We find clear evidence that symptoms can occur during early childhood, with well-documented cases as early as 2–3 years. The presenting symptoms to monitor during early childhood include pain, heat sensitivity, and gastrointestinal disease, especially recurrent abdominal pain and diarrhea. However, the scope of this review is limited by the very small number of published reports of this population, which could bias results, skewing them toward more severe patients, whose early diagnosis of Fabry disease may influence symptom detection.

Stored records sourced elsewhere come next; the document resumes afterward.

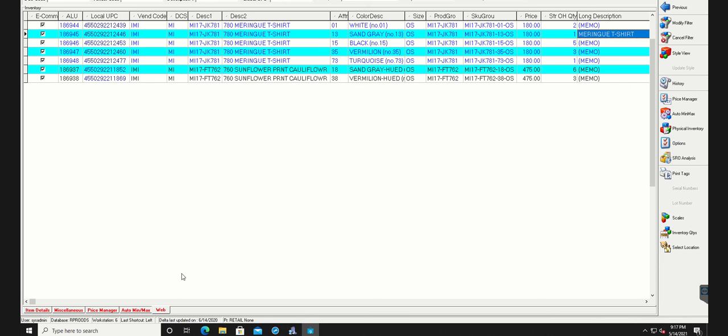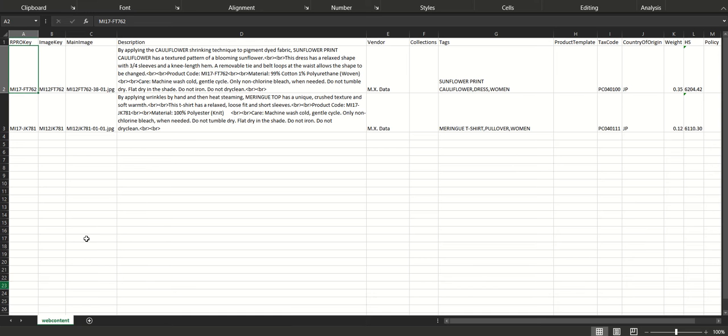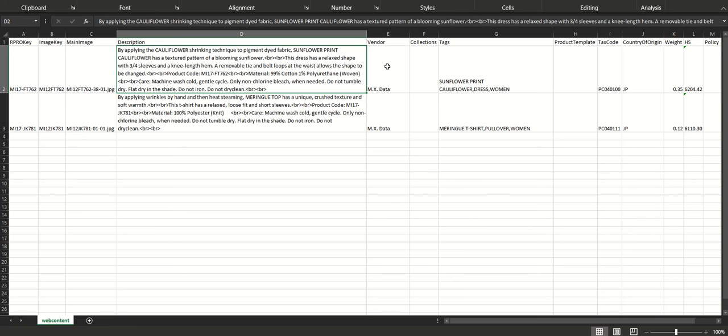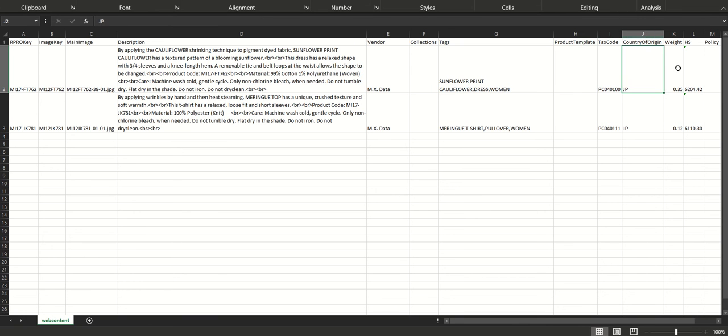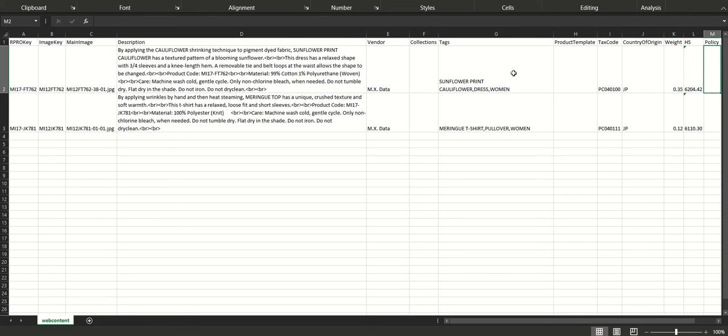Now that you have your base product attributes set up, step two is to create a web content file, where you can add supplemental product info for your website that you don't typically store in Retail Pro. We'll provide you with an Excel template based on your e-commerce site product fields. In this case, we've got the standard Shopify fields like body description, vendor, collection, tags, product template, tax code, country of origin, weight, harmonized system code, and policy.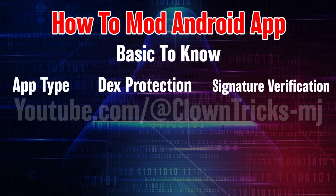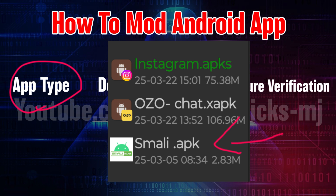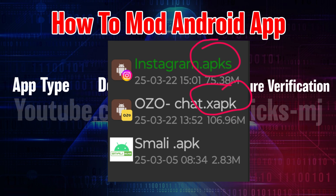First, know the app type. APK packages are usually available in APK, XAPK, or APKS format. APK files you can edit directly, but XAPK and APKS need to be converted into APK format first.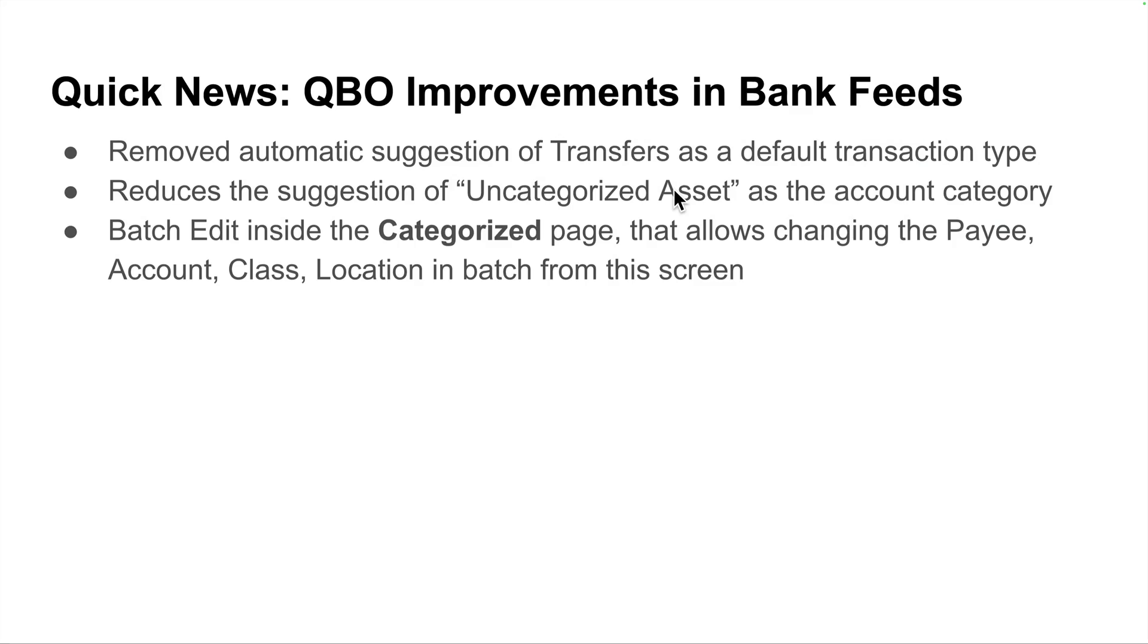In this video, I'm going to showcase a small seven-minute segment of a live webinar I did today where I was showing some new improvements, very exciting new improvements, to the QuickBooks Online Bank Feeds workflow. So I hope you enjoy this.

Based on this information, timely referral to a medical geneticist or other specialty clinician experienced in managing children with Fabry disease is strongly indicated early in childhood. An experienced clinician will modify and manage the recommended pediatric schedule of monitoring designed to balance the importance of good clinical monitoring and treatment early enough to avoid end-organ damage, while also avoiding the unnecessary “medicalization” of childhood. To expand our knowledge of Fabry disease onset during early childhood, a large-scale prospective clinical study that monitors symptoms is critical to provide much-needed data in this population and to help clarify best clinical practices.

Although controversial, newborn screening for Fabry disease, where it is already implemented, may provide the opportunity to monitor and treat patients at an earlier age, without a diagnostic odyssey lasting many years. However, because of limitations in phenotype/genotype correlations, it may be difficult to predict disease severity in a child, especially with novel de novo missense mutations. Severity may be easier to predict in cases with affected family members, but such predictions can be limited by the variability that can occur within families.

Disclosure

D.A.L. has received research grants and speaker honoraria from Genzyme, Synageva, Amicus Therapeutics, and Shire. She also is a member of the Board of Advisors of the Fabry Registry and is compensated for her service by Genzyme Corporation. D.S.P., A.M.A., L.P.M., D.K.G., and K.M.C. declare no conflict of interest. S.P.S. has served as a consultant to Genzyme, BioMarin Pharmaceuticals, Amicus Therapeutics, and Shire. She has received grant support from Genzyme, Shire, and BioMarin Pharmaceuticals. W.R.W. has served as a consultant to Genzyme, BioMarin Pharmaceuticals, Amicus Therapeutics, and Shire and as a member of Genzyme’s speakers’ bureau. He has received educational grants and research grant support from Genzyme. He is also a member of the Board of Advisors of the Fabry Registry and is compensated for these services by Genzyme. R.J.H. is a member of the Board of Advisors of the Fabry Registry and is compensated for these services by Genzyme Corporation. He is also a paid consultant for Genzyme on matters relating to Fabry disease and has received speaking fees and research grants from Genzyme related to Fabry disease.